My point is that it's hard enough to keep up with the current lineup of devices across manufacturers, who typically release new products on a 12 month cycle. A popular strategy for handling this problem is to try to qualify your target audience such that you focus on the devices they are likely to be using. But given the trend of "bring your own device" (BYOD) and the march of progress, that strategy goes right out the window. Do we really know what our audience is using? The best analytics data from your current platform will only show you what they're using today, and based on what they used in the past, you can try to divine what they'll be using in the future. But given that the industry evolves like a sprint in the dark, how realistic is it to make this prediction with any degree of accuracy?

Going back to Apple, remember how radically everything changed when the iPhone was introduced? It was a seismic shift in mobile computing. Even Google's newborn Android operating system had to be completely rethought and rewritten to keep it relevant given what Apple did to the industry at the time.

Responsive web apps are not scalable

When it comes to web layout we live in a world of mobile-first design, leveraging CSS media breakpoints with a more responsible strategy of progressive enhancement. The thought is essentially that if you can design a great mobile experience, with all the fluff removed to best use a tiny screen, you can incrementally add features and layout as the screen size gets bigger. The idea is sound, and is still the recommended practice in our industry.

But there are drawbacks. For example, in order to support the largest variety of device sizes and screen dimensions, you need to:

  1. use a large number of media query breakpoints to control the appearance of your web app at every meaningful set of screen dimensions and physical sizes, or...
  2. focus on a select few screen dimensions and sizes, to give 80% of the users the best experience, or...
  3. compromise on your layout so that it renders acceptably on as many devices as possible.

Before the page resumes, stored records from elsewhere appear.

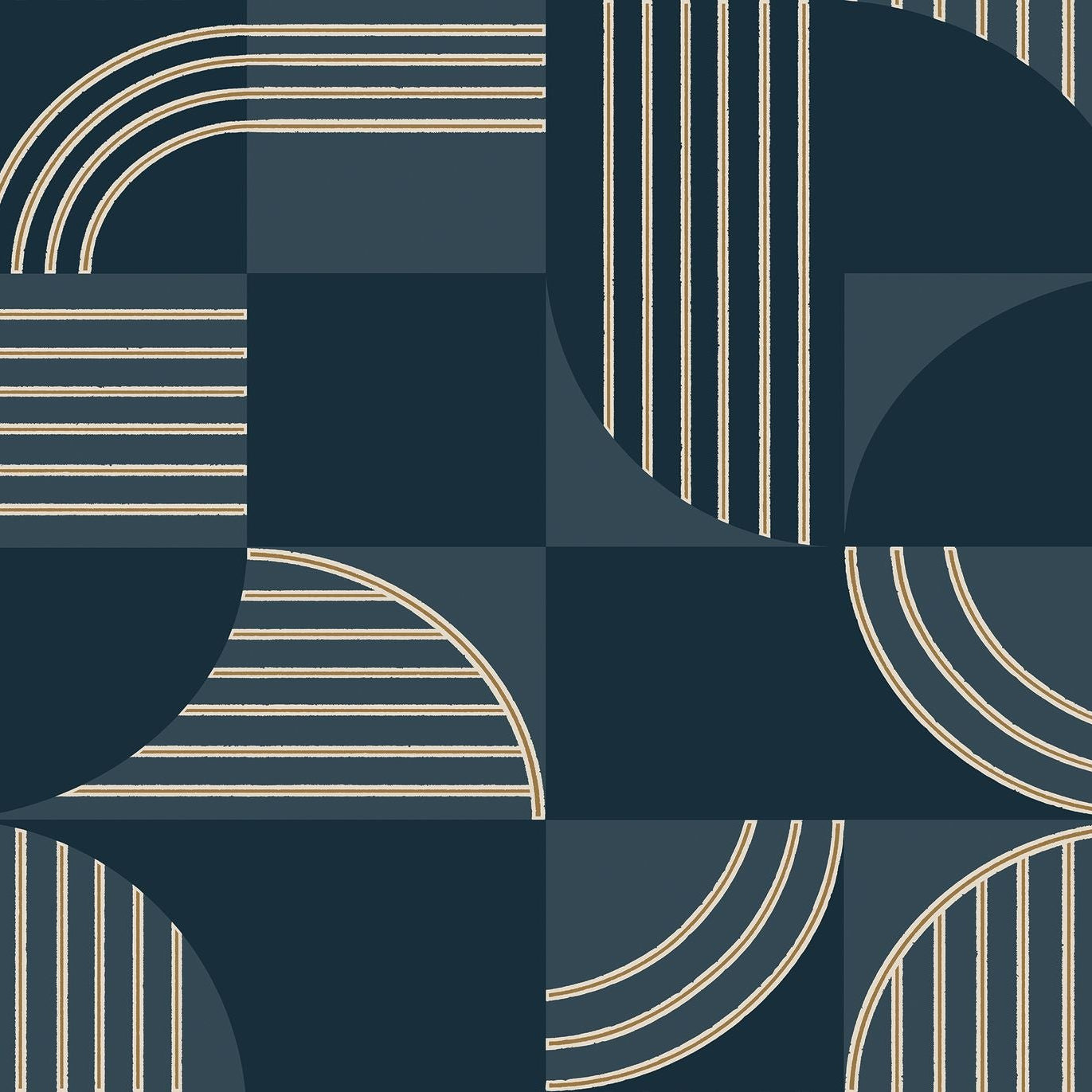 Non-woven wallpaper with a geometric pattern ANNÉES 30 - MARINE navy blue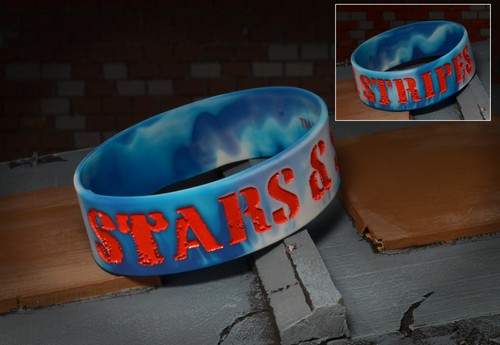 12067 StarsStripes Rubber Bracelet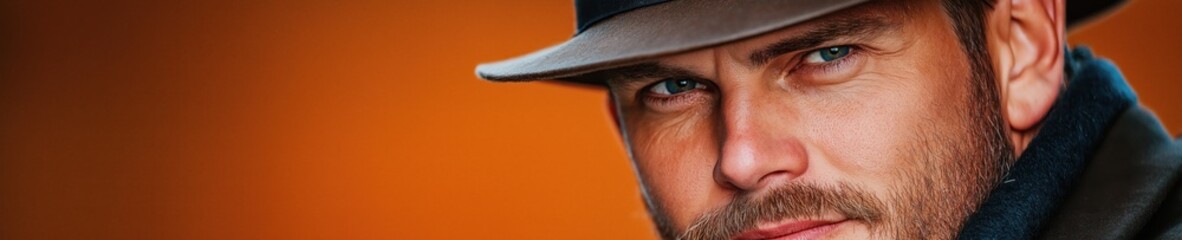 Obraz premium Man wearing a hat with a serious expression in front of a bright orange background during a sunny day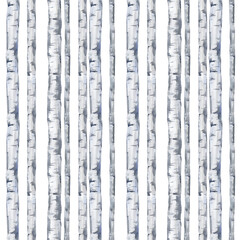 Seamless pattern of a birch tree.Deciduous tree.Watercolor hand drawn illustration.White background.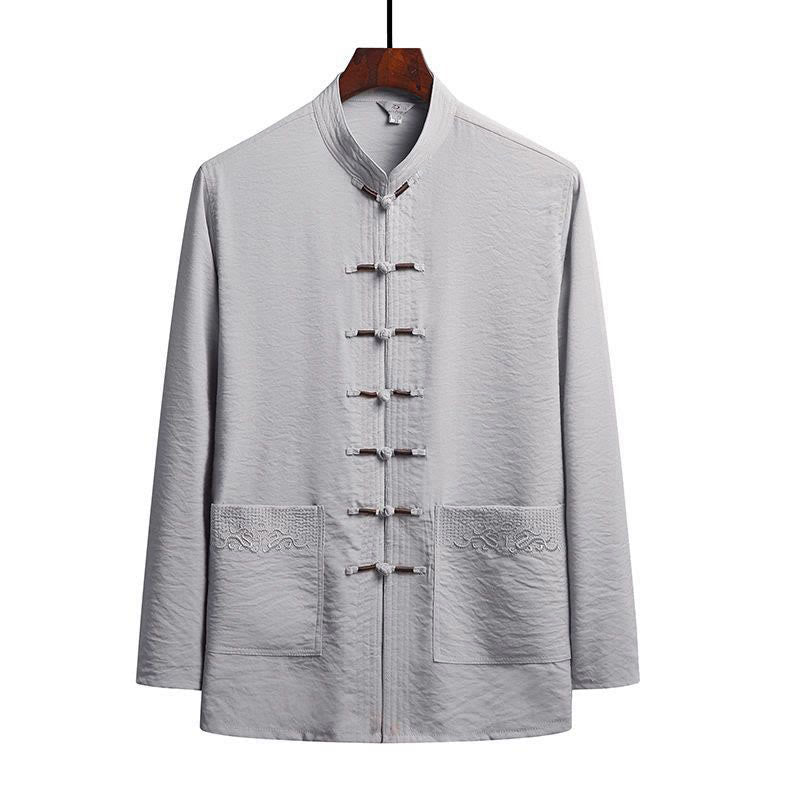 Conjunto de 2 piezas de camisa y pantalones de manga larga con botones de rana para hombre con traje Tang sencillo y Buddha Stones - Gris claro - Camisa - US/UK/AU44, EU54 (4XL) - image 13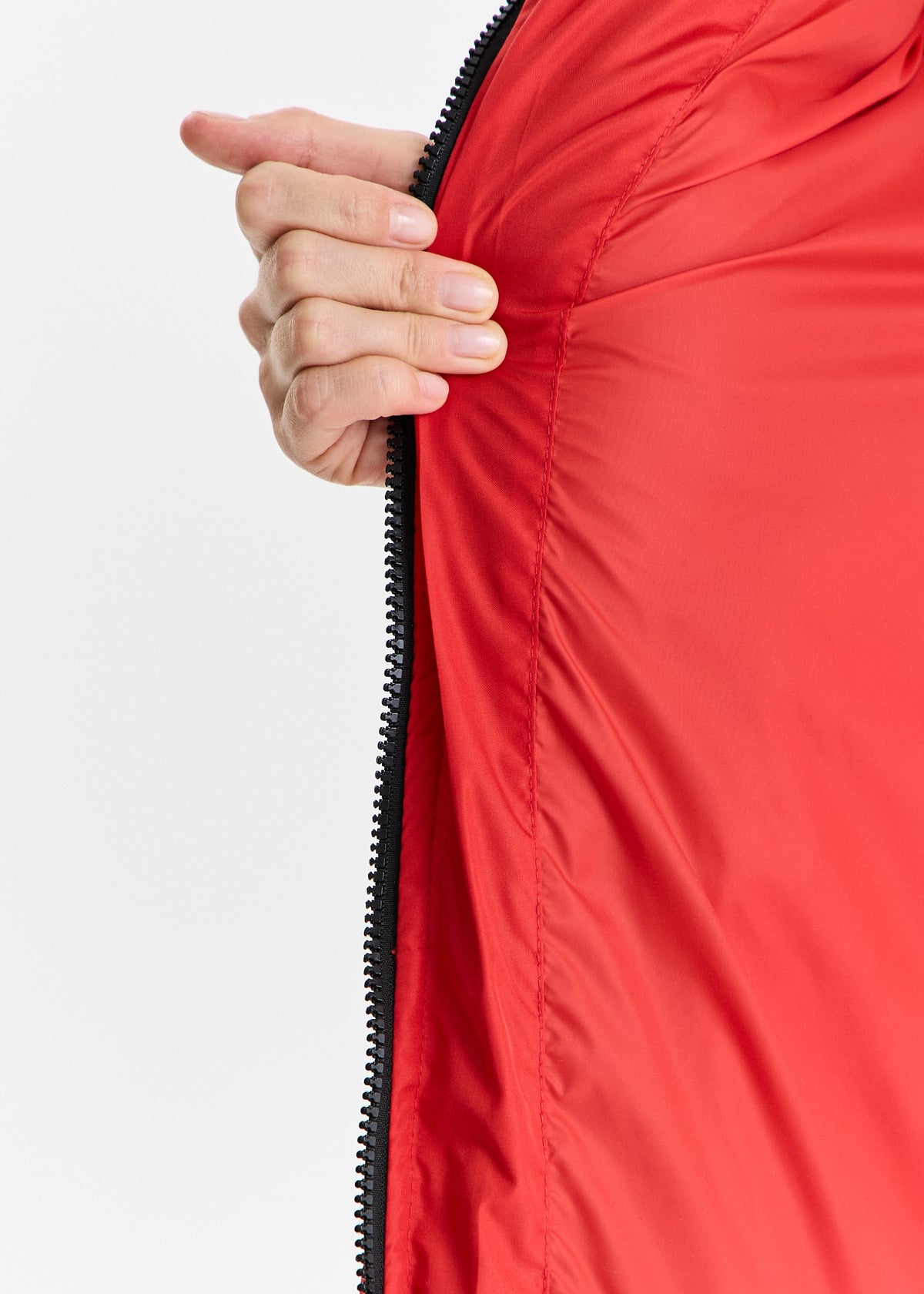 Red Accent Women’s Hooded Vest - BRIKOLY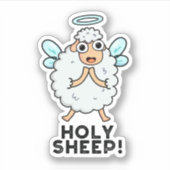 Heilige Schapen Funny Animal Pun Sticker (Voorkant)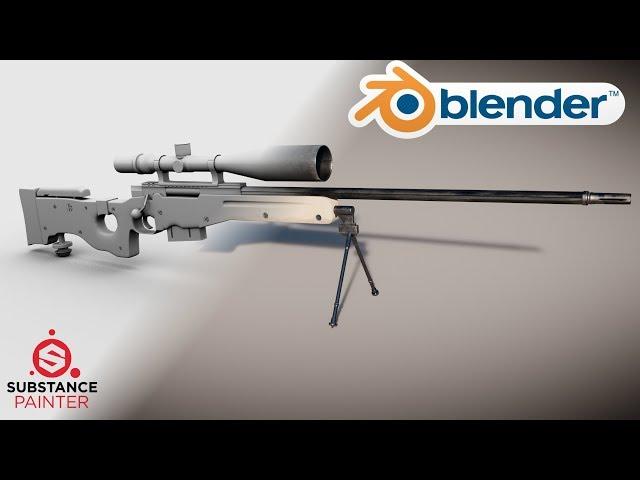 Blender Timelapse 1/2 Modeling: high poly Gun / Sniper (AWP / L96 / G22 ) | detailed 3D Model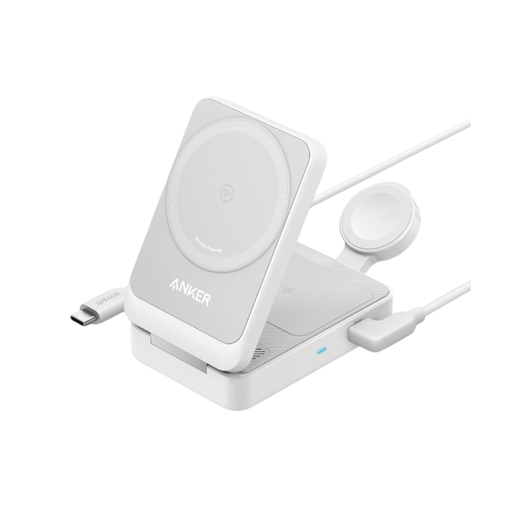 [A2557E21] Anker MagGo 3-in-1 Charging Dock, Qi2 15W Wireless -White
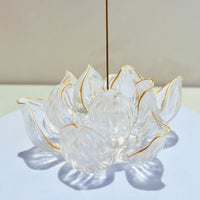 Lotus Serenity · White Liuli Lotus Incense Holder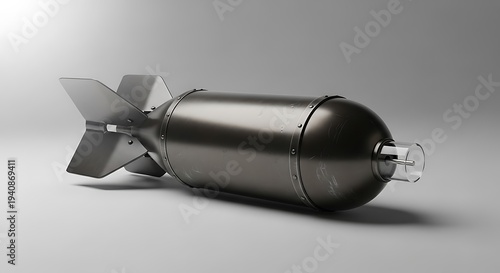 Realistic 3d render of metallic bomb lying on gray surface, showcasing detailed construction and reflective material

When you visit most websites today you'll see one or more of these strategies in practice. Here's an example from a national pet supply retailer.

On the left: You can see that on an iPhone SE the text column is very narrow and wrapping poorly. The call-to-action (CTA) button overlaps the carousel navigational nodes (the circles that show which frame you're viewing), and the carousel arrow buttons are also being overlapped by content.

On the right: On an iPhone 8 Plus the text is more readable, but the carousel arrows touch the screen edges. It's clear that the layout concession was to put each text item on a line by itself, and only support large phones because changing the carousel layout for smaller phones was either an oversight or deemed not to be worthwhile.

Many websites are even worse. But I thought this might be a good one to use given that national retailers put a premium on Internet sales and this syndrome even affects them. Keep in mind that this is only an example of two phone sizes. And this example is just one frame of a carousel at the top of the home page. You'd likely be reading for a month if we did a breakdown of the entire website. And that's just this one website.

What if the experience were truly scalable?

The solution to this problem lies in making your web applications truly scalable, like a PDF. That doesn't mean abandoning media queries. It means that using fewer breakpoints that target key screen dimensions and sizes will work for all the intermediate sizes. It means much less work, and more easily managed code. It also helps to future-proof your layout.

We take this approach with the Fynydd website using an open source project we created, named SFUMATO. Here is what the Fynydd website looks like on four different iPhone models:

The goal was to have the same experience across all handheld devices. To do this, we simply created a single media query breakpoint from the smallest size, and allow it to scale up for all other phone sizes. You can see that even the text is wrapping at the same points, giving the user a near pixel-perfect representation of the layout as if it were a print design (like a PDF).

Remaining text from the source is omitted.